By David Oxenford
Wilkinson Barker Knauer LLP
April begins the start of the radio license renewal process, with stations in Maryland, Virginia, West Virginia and the District of Columbia having to run on the 1st and 16th of the month public notices of the planned filing of their license renewals at the beginning of June.
April also brings a requirement that, by the 10th of the month, stations add to their online public file Quarterly Issues Programs Lists for the prior quarter, setting out the most important issues facing their communities in the prior quarter, and the programming that they aired to address those issues.
I have written about the importance of these quarterly reports to the FCC to show how you served the public interest and the fines that can be imposed at renewal time if the lists are not properly prepared and uploaded to the online public file. So, don’t forget the obligation this obligation that applies to all full-power stations (and Class A TV stations). I expect that the FCC will be watching (and in fact already is, as evident from some of their recent warnings to stations)!
In addition, April 1 brings the obligation for radio and television stations in Delaware, Indiana, Kentucky, Pennsylvania, Tennessee, and Texas that are part of an Employment Unit with 5 or more full-time employees, to add to their online public inspection file their Annual EEO Public Inspection File Report.

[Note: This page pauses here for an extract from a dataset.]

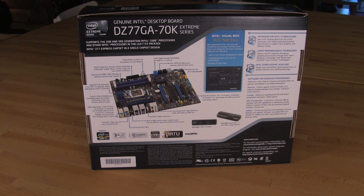Another thing we want to talk about is the Intel Visual BIOS. This is the UEFI BIOS — it's Intel's version of it. We're really looking forward to seeing exactly how that works out. Hopefully it's a lot better than what we saw in some of the first generations of the UEFI BIOS, as some of those were a little clunky.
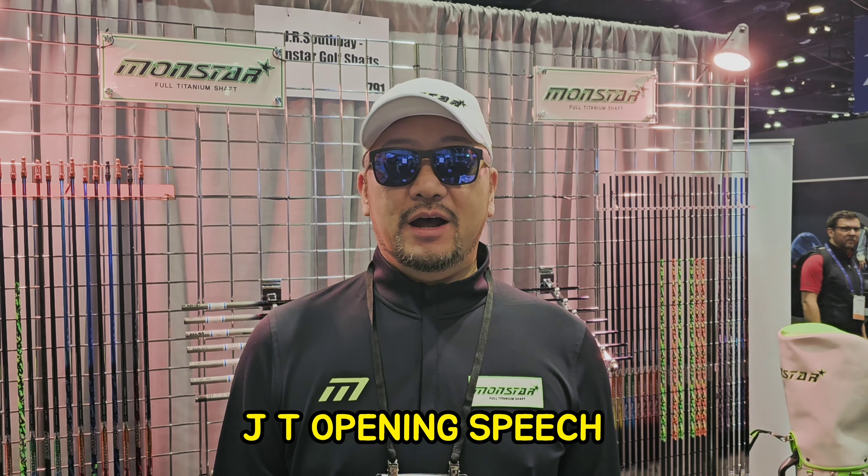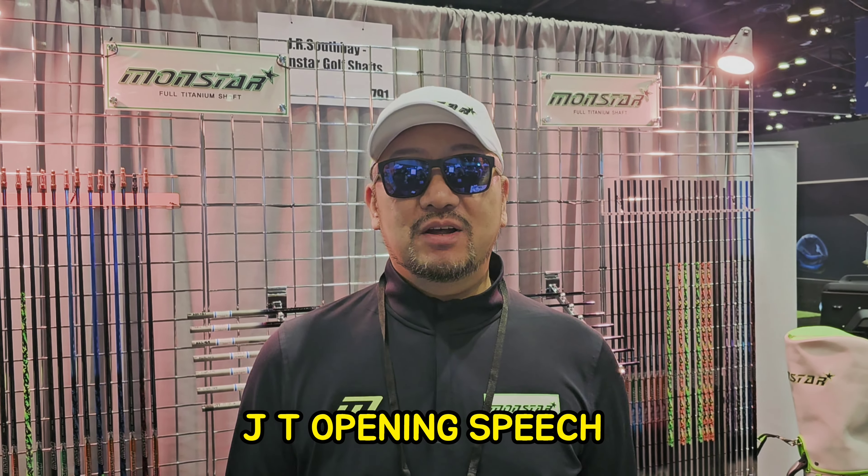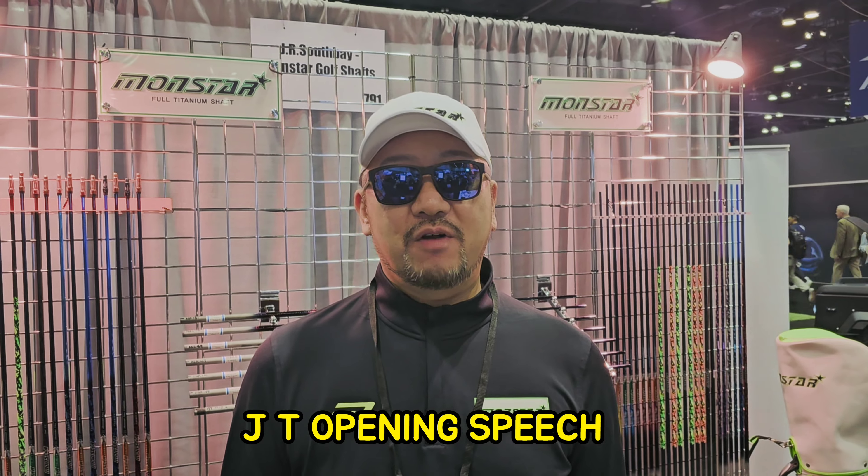Hello everyone, my name is Jay Kipper. I'm the president of Montasharpe. Let me explain Montasharpe.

This report documents the full-time employment openings at the station in the prior year, the recruitment sources used to fill those positions, and the non-vacancy specific outreach efforts (the menu options) that stations use to inform their community about broadcast job openings and the efforts they make to train their staffs to assume more involved roles at their stations.
TV stations in Pennsylvania and Delaware will also file with the FCC their Form 397 EEO Mid-Term Reports – likely the last mid-term reports to be filed as the FCC’s order abolishing these reports should become effective before the next such reports are due to be submitted.
Quarterly Children’s Television Reports are also due by the 10th of the month, reporting on the educational and informational programming directed to children broadcast on each stream that a TV station broadcasts (the obligations of TV stations to broadcast educational children’s TV programming is under review – see our post here – but that does not affect this upcoming filing obligation). The 10th is also the date for TV stations affected by the repacking to give the FCC a status report on their repacking efforts, though the FCC just agreed to waive that requirement for TV stations in repacking Stage 3 as they have an April 12 deadline for their “10 Week Report” – due 10 weeks before the date on which their transition should be complete – and these reports are seen as essentially duplicative.
On April 29, comments are due in the FCC’s Quadrennial Review of its ownership rules. This review will principally look at radio ownership rules. But the FCC will also be looking at trying to provide more definition as to when they will allow the common ownership of two of the top 4 TV stations in any market, and also at whether one party could own 2 of the top 4 broadcast TV networks.
Thus, as always, April will be a busy regulatory month. Consult with your own counsel about dates we may not have highlighted here, and for dates that may apply specifically to your station.